Gıda-İş'ten açlık dayatmasına karşı mücadele çağrısı
Gıda-İş: “Önümüzde duran görev ve sorumluluk, saldırılara karşı en geniş birleşik bir işçi ve emekçi mücadelesinin yeniden örgütlenmesidir.”
Fotoğraf: Evrensel
DİSK’e bağlı Gıda-İş Sendikası, bölge temsilcilerinin katılımıyla 18 Haziran’da yapmış olduğu toplantının sonuçlarını paylaştı.
Açlık dayatmasına karşı mücadele çağrısı yapan Gıda-İş, toplantıda seçim süreci değerlendirmesi, ekonomik ve siyasi gelişmeler, sendikal hak ve özgürlükler, örgütlenme ve kongre hazırlık sürecine dair tartışmalar yürüttü.

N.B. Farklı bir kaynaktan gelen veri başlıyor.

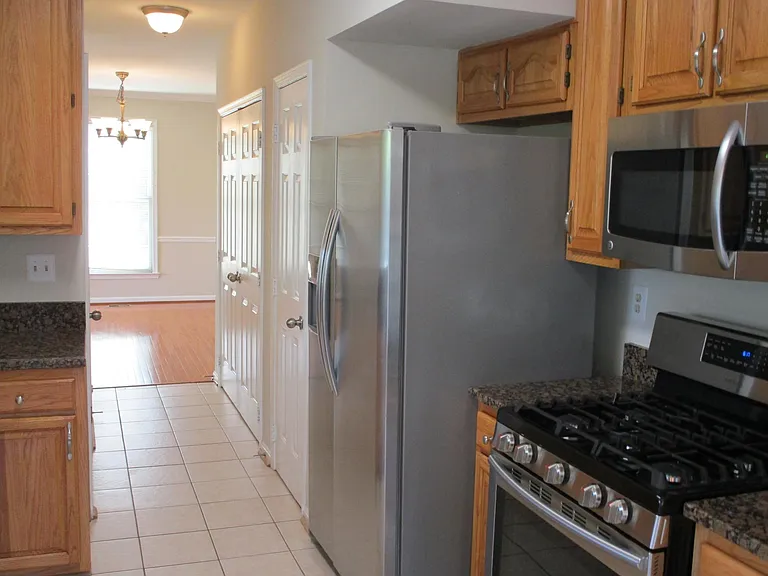 Kitchen Hallway to Powder Room and Laundry Area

Gıda-İş Sendikası Yönetim Kurulu imzasıyla yapılan açıklamada, 14 ve 28 Mayıs'ta eşitsiz bir seçim süreci yaşandığı belirtilerek, “İktidarın devletin tüm olanaklarını seferber ederek sürdürdüğü kara propaganda ile bir kez daha Mecliste Cumhur ittifakı çoğunluk sağlamış, Cumhur ittifakı adayı Erdoğan ikinci turda yeniden cumhurbaşkanı seçilmiştir. Millet ittifakının dağınık yapısı, seçim sandıklarını bile tutamaması, sürekli zikzaklar çizen politikalarıyla emekçi kesimlerde karşılık bulamamış, ortaya koydukları restorasyoncu programları yenilgiye uğramıştır. Emek ve Özgürlük ittifakı ise kitlelere ulaşma, programını anlatma konusunda yetersiz kalmıştır, geniş emekçi yığınlarıyla bağ kuramamıştır. En geniş emek ve demokrasi güçleriyle birleşme konusunda yeterli bir çabanın içinde olamamıştır” ifadeleri kullanıldı.
“İKTİDAR, EMEKÇİLERİN YAŞAMINI DAHA DA ZORA SOKACAK POLİTİKALARA İMZA ATACAKTIR”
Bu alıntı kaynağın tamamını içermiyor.